Stiles acknowledged that Variety’s Oscar ads were down this year, but as he told me this afternoon, the paper had seen that drop-off coming in advance. ‘We took action last year, making cuts last spring in anticipation of the revenue situation,’ he said. ‘There’s no sense in trying to save money after you’ve gotten the bad news -- it’s something you have to do in advance.’ Stiles also insisted that the importance of Oscar ads to the paper had been inflated, saying that while they were the single largest source of income, they only made up ‘a significant minority’ of the paper’s income, not a majority of its revenues.

Stiles says that he knew the paper would take a PR hit by axing its two top critics, since the media -- myself included -- seems to seize on every new critic layoff as another sign of the end of Western civilization. ‘But you can’t make a decision based on the PR gloss,’ Stiles told me. ‘You have to do what’s right for the business. This was a decision that was made on an unemotional basis. We just don’t feel that we need to own our chief reviewer. There’s no reason why, going forward, that we can’t do all reviews on a freelance basis.’

Stiles says the trade will run ‘roughly the same amount’ of reviews this year as last year, when a whopping 1,209 reviews appeared in its pages.
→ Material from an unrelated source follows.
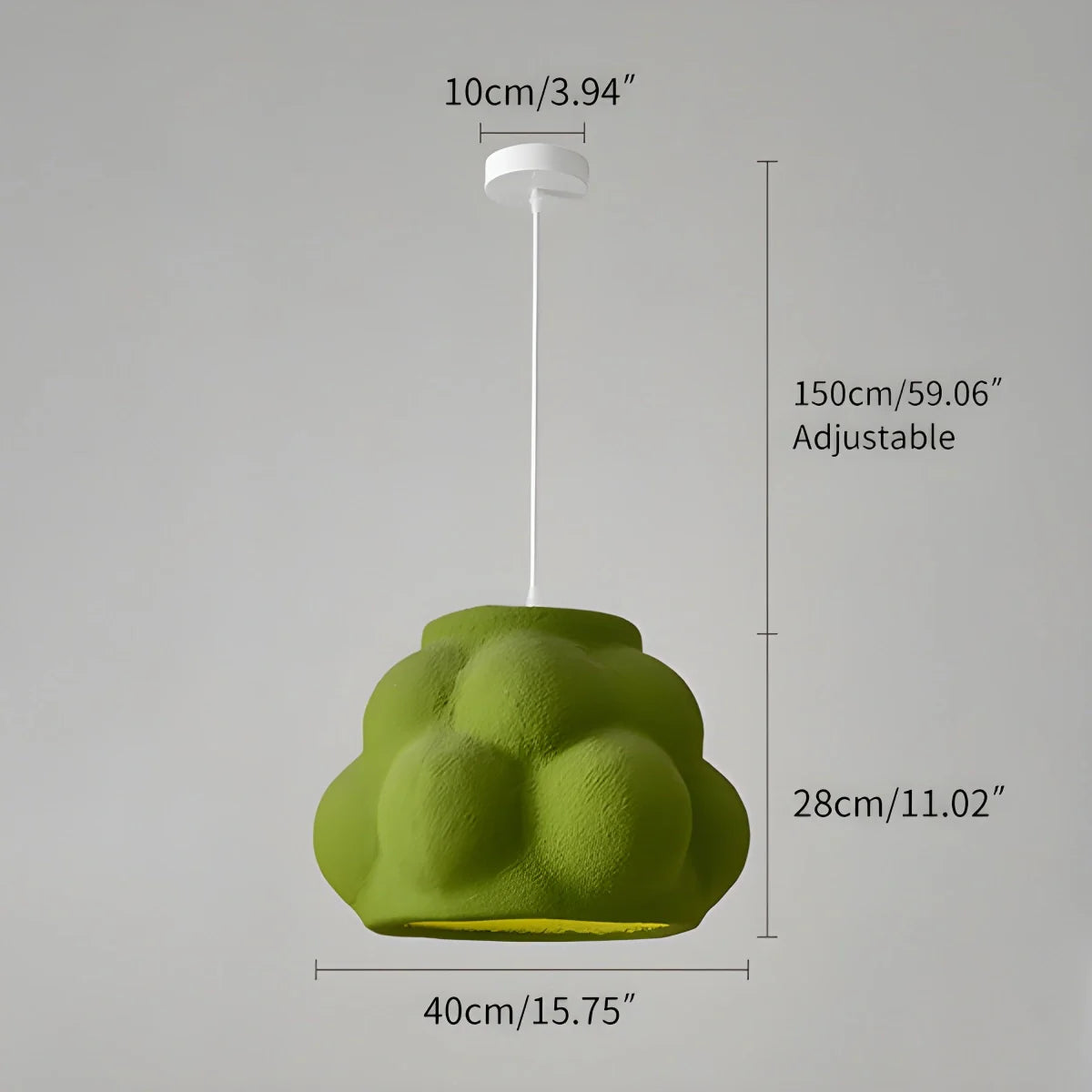 Feyran Wabi Sabi Cloud Pendant Light for Living Room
But it still seemed strange that if Variety was forced to make cuts, it would get rid of its best-known writer. (The paper laid off six other employees, mostly from the copy editing and production staff.) Having been a recognizable force at Variety for decades, McCarthy represented a sizable voice of critical authority, often being the first critic to weigh in with a review of a major studio release or a much-anticipated film festival debut.

I didn’t always agree with McCarthy -- we once had a very public spat over smoking in movies, with Todd defending it as an artistic freedom while I was eager to get rid of it -- but I always valued his keen grasp of the art of storytelling and his boundless knowledge of film history. He knew how to put a filmmaker’s work in perspective, and he never pulled his punches.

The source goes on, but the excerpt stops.